Durch die direkte Installation des Remote-I/O-Systems im Ex-Bereich kann auf einen großen Teil der bisherigen Kabelwege verzichtet werden.
(Bild: Bartec)

Speziell für den Einsatz in explosionsgefährdeten Bereichen hat Bartec das Remote I/O-System Antares konzipiert. Direkt im Feld der Ex-Zonen 1 und 2 sowie 21 und 22 installiert, kann es die Komplexität von Automatisierungsprozessen verringern. Das platzsparende System vereinfacht nicht nur die Schaltungstechnik, sondern kommt auch ohne teure ex-geschützte Schaltschränke aus.

Nach den aktuellen Atex- und IECEx-Richtlinien zertifiziert, kann der Anlagenplaner durch eine flexible Systemzulassung das Remote I/O frei planen, gestalten und in ein mechanisch geschütztes Standard-Industriegehäuse einbauen. Diese Gestaltungsfreiheit wird zusätzlich durch eine schnelle und problemlose Integrationsfähigkeit unterstützt. Lediglich für die Errichtung in den Staub-Ex-Bereichen muss ein zugelassenes Schutzgehäuse verwendet werden.

Jedes Detail durchdacht

Aufgrund der großen Leistungsreserven bietet Antares effiziente und kompakte I/O-Konfigurationen. Eine einzige Rail Control Unit (RCU) kann bis zu 32 mehrkanalige Module versorgen. Andere Hersteller benötigen dafür zwei oder drei Systeme. Die RCU ist die zentrale Einheit des Systems mit Hostkommunikation, Ethernet-Switch, Powermanagement und I/O-Datenverwaltung. Durch die Unterstützung zahlreicher offener Kommunikationsstandards, vom vollständig redundanten Profibus-DP – was eine ständige Verfügbarkeit garantiert – bis zu Ethernet-Standards wie Profinet, Modbus TCP und Ethernet/IP, ist eine komfortable Integration gewährleistet.

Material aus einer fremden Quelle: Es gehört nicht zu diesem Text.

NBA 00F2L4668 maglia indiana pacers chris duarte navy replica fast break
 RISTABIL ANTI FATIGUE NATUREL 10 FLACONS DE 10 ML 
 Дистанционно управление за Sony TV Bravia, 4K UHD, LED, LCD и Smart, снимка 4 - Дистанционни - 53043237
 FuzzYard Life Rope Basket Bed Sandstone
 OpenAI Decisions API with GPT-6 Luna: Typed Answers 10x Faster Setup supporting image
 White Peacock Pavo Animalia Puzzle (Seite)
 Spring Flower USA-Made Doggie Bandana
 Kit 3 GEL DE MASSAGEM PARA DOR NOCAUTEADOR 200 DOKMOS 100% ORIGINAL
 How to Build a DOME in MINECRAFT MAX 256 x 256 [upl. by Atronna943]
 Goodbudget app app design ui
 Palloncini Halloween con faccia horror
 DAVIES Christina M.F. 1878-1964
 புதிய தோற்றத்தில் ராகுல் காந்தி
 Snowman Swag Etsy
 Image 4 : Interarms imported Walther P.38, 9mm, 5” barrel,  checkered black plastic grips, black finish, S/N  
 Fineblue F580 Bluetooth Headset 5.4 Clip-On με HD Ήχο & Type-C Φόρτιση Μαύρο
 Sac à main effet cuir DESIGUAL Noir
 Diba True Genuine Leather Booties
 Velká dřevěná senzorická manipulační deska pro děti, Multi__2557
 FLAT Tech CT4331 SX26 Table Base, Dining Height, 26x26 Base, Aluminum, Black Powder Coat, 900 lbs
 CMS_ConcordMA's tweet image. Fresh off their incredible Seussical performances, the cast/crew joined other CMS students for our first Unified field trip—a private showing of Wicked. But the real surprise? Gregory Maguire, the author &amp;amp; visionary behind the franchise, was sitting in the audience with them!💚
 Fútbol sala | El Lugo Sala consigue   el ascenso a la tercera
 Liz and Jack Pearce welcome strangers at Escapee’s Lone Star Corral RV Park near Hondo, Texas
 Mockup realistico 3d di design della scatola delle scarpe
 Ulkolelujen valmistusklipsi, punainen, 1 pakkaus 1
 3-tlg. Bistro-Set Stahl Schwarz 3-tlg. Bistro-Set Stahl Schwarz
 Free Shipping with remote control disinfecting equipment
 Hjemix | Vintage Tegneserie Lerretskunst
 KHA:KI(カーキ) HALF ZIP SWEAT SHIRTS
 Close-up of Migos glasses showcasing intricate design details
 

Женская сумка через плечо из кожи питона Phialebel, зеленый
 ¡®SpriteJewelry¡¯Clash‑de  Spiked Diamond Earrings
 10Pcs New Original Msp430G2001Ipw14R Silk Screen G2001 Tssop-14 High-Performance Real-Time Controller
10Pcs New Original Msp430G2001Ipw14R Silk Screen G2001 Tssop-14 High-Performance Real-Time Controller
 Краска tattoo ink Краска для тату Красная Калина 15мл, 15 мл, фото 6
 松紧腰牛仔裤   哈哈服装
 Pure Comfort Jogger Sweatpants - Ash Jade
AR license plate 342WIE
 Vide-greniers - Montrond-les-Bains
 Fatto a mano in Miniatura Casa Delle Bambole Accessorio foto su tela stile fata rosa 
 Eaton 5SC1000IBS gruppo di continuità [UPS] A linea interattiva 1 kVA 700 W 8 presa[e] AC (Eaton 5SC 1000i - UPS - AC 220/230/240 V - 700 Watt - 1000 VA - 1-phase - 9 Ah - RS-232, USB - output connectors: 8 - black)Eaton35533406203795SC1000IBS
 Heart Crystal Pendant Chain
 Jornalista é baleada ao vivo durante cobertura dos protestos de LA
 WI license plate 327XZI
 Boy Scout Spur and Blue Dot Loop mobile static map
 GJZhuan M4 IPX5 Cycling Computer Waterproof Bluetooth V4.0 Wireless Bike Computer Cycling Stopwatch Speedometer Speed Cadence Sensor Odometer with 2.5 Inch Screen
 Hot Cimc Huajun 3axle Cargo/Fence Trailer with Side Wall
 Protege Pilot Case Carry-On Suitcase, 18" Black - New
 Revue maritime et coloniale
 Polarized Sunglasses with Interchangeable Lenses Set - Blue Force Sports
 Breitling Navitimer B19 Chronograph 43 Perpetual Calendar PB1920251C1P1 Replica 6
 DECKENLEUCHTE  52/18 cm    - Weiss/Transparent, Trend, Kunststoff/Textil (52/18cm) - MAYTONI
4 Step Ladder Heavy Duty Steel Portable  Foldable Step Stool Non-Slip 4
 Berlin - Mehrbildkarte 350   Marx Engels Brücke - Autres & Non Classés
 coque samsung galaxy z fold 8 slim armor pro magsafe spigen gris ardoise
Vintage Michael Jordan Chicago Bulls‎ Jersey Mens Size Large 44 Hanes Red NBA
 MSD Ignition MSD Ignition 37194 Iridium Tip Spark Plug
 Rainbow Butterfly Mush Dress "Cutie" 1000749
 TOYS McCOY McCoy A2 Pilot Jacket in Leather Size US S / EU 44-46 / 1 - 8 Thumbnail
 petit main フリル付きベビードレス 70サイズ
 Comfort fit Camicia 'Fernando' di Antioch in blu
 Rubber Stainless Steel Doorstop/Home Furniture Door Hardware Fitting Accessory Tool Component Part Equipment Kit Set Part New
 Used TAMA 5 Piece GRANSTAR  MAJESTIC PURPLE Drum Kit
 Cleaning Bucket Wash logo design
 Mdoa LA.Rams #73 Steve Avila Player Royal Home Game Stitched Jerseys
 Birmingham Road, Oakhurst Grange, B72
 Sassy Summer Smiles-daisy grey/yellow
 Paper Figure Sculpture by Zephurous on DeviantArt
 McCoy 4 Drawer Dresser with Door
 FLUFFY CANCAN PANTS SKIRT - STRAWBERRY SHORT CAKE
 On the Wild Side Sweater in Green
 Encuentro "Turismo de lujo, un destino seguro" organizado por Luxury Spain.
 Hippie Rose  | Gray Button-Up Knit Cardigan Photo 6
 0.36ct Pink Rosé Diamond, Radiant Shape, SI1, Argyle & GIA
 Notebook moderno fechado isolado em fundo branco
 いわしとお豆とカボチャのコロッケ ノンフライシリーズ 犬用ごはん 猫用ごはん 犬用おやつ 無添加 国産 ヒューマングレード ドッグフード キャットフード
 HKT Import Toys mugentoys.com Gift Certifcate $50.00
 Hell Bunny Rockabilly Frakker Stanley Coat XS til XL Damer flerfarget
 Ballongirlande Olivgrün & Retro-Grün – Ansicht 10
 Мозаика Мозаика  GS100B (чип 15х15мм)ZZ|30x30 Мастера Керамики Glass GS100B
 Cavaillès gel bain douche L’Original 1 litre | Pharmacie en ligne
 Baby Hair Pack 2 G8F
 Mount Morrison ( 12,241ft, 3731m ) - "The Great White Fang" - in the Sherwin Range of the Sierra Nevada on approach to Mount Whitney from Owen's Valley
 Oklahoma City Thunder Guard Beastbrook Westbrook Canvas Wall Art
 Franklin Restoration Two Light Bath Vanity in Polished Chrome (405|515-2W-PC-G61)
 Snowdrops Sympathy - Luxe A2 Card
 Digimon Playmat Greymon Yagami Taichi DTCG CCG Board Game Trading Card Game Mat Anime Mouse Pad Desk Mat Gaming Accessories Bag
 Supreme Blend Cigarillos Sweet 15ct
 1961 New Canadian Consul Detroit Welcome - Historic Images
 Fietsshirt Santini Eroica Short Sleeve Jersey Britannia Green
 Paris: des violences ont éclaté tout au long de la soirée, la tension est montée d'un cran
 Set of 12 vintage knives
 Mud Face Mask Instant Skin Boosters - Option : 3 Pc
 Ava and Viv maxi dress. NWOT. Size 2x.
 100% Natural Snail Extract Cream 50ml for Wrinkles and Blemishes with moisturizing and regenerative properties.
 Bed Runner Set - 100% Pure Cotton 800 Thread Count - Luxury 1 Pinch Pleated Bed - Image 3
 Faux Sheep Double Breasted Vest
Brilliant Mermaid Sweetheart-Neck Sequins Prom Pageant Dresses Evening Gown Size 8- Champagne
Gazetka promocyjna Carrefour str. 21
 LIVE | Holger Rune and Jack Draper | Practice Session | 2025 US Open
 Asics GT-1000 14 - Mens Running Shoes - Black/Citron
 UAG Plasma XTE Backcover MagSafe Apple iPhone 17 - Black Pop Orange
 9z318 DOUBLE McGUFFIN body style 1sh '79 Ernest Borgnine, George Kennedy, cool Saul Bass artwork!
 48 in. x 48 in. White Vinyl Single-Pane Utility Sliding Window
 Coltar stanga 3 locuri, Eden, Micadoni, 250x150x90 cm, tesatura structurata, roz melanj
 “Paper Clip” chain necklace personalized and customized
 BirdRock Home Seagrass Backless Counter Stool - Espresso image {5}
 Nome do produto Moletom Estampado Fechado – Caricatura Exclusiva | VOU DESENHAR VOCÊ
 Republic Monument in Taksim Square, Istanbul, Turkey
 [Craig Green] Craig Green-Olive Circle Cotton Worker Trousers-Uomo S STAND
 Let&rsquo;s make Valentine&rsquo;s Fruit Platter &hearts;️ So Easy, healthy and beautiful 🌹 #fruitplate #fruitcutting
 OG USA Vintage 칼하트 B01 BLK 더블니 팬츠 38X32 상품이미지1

Zudem lassen sich Standard-Bussysteme direkt an das System koppeln. Zusätzliche explosionsgeschützte Trennverstärker werden nicht benötigt. Die kleine Bauform der I/O-Module ermöglicht es, sie äußerst platzsparend auf Standard-Tragschienen aufzubauen. Die interne Busverbindung wird durch einfaches Zusammenstecken der Module erreicht. Alle I/O-Module sind in der Zündschutzart Ex i ausgeführt.

Das zusätzliche Extension-Modul erlaubt den Aufbau über mehrere Tragschienen oder die Verbindung in ein weiteres Feldgehäuse, in dem ausschließlich I/O-Module enthalten sind. Es stehen verschiedene diskrete und analoge Module mit hoher Kanaldichte zur Verfügung. Weil RCU und alle I/O-Module hot-swap-fähig sind, lassen sich Stillstandszeiten vermeiden. Mit Antares-Designersoftware können Anwender das System im Handumdrehen durch eine intuitive Bedienung projektieren und konfigurieren.